The injury stopped Belcher from helping ETSU on the court against Stetson in it first round win at the 2010 General Shale Brick Atlantic Sun Women’s Basketball Championship but her teammate still had her leadership and her voice on the bench. The Martinsville, Va. native marched out of the ETSU locker room, knee brace and all to support her teammate. Belcher, one of only three ETSU players to collect 200 or more steals, had not forgotten the team motto.

She wore it plain on her ETSU women’s basketball T-Shirt “One Team, One Goal”. Belcher talked in team huddles cheered during and once or twice even look like she wanted to jump and cheer. Until her knee stopped but even an ACL injury could not keep Belcher from getting up at each timeout to high-five each of her fellow Lady Bucs as they came off the floor.

Belcher is scheduled to receive her degree this May and still has a red-shirt season available however, it is unclear if she will use the option.
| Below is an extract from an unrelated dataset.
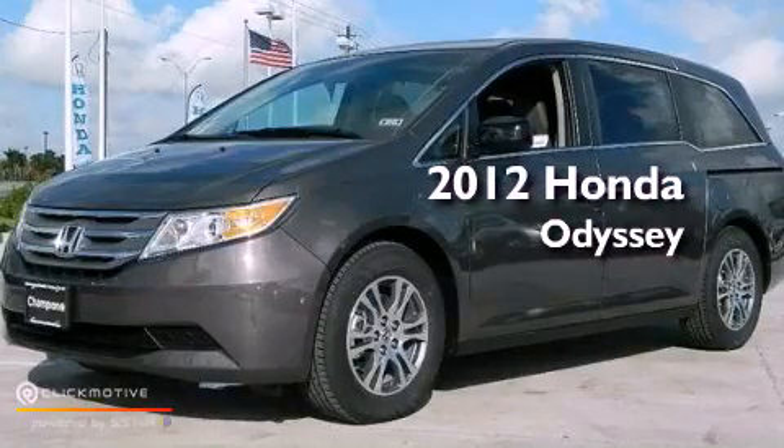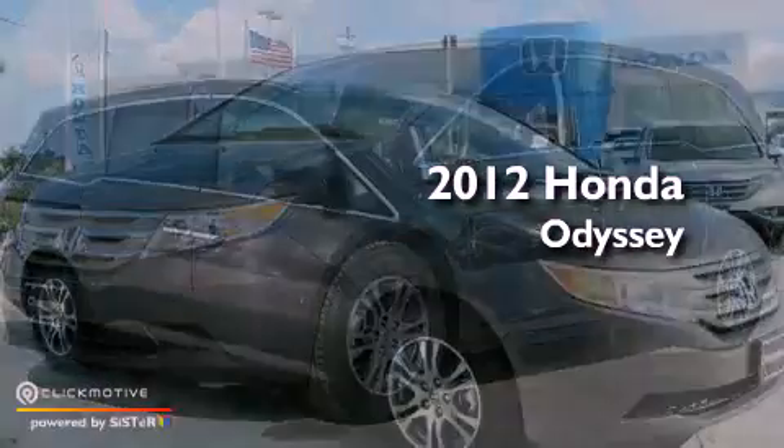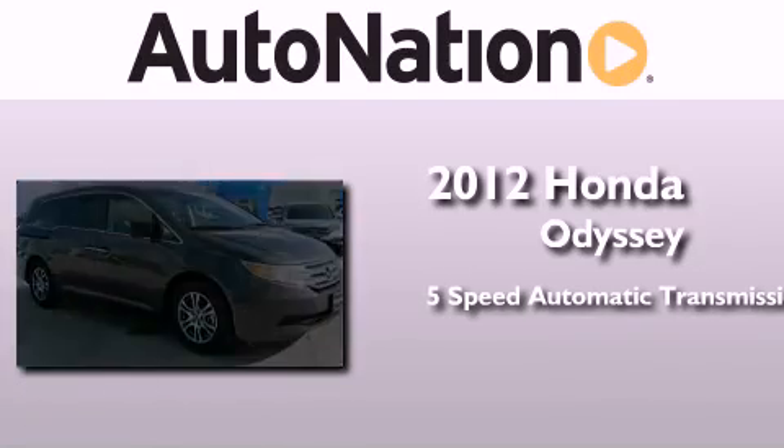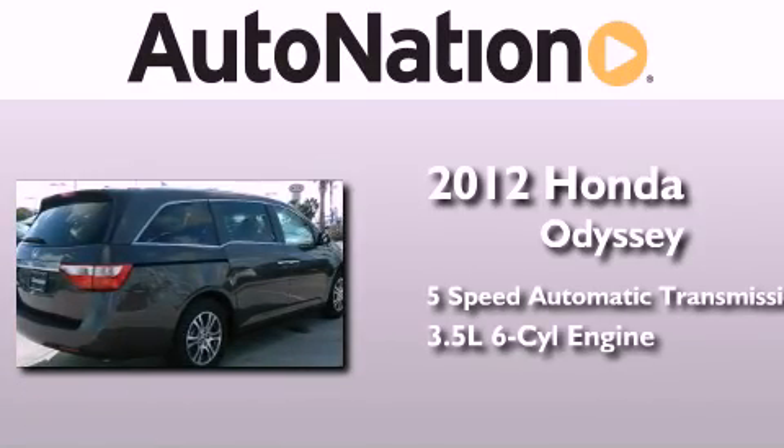This is a brand new 2012 Honda Odyssey. This minivan has a 5-speed automatic transmission and a 3.5-liter V6.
One thing that remain clear, Belcher will not forget one team one goal.

Owls Provide Early Energy to Championships

A men's championship promising to deliver excitement wasted little time as Kennesaw State, playing in its first postseason game ever as a Division I school, upset the top seeded Lipscomb Bisons, 72-69.

The men's championship had turned predictable recently as the top two seeds had faced off in each of the last six title games. A one seed had not dropped its first game since 2000 and no second seed has been bitten by the upset bug of the seventh seed since 2003. Now with the Owls' defeat of the Bisons, the draw that already features four co-champions truly opened up to the field.

Do not confuse this win with one of the all-timers. In December, the Owls hit on 19 3-point fields in scoring a 97-91 win at home against the Bisons. While they did not need 19 3-pointers, the shot played a key role in the victory as Kurtis Woods and Kelvin McConnell combined to hit 9-of-11 on their 3-point tries. The rest of the team combined to shoot just 2-for-16 from beyond the arc.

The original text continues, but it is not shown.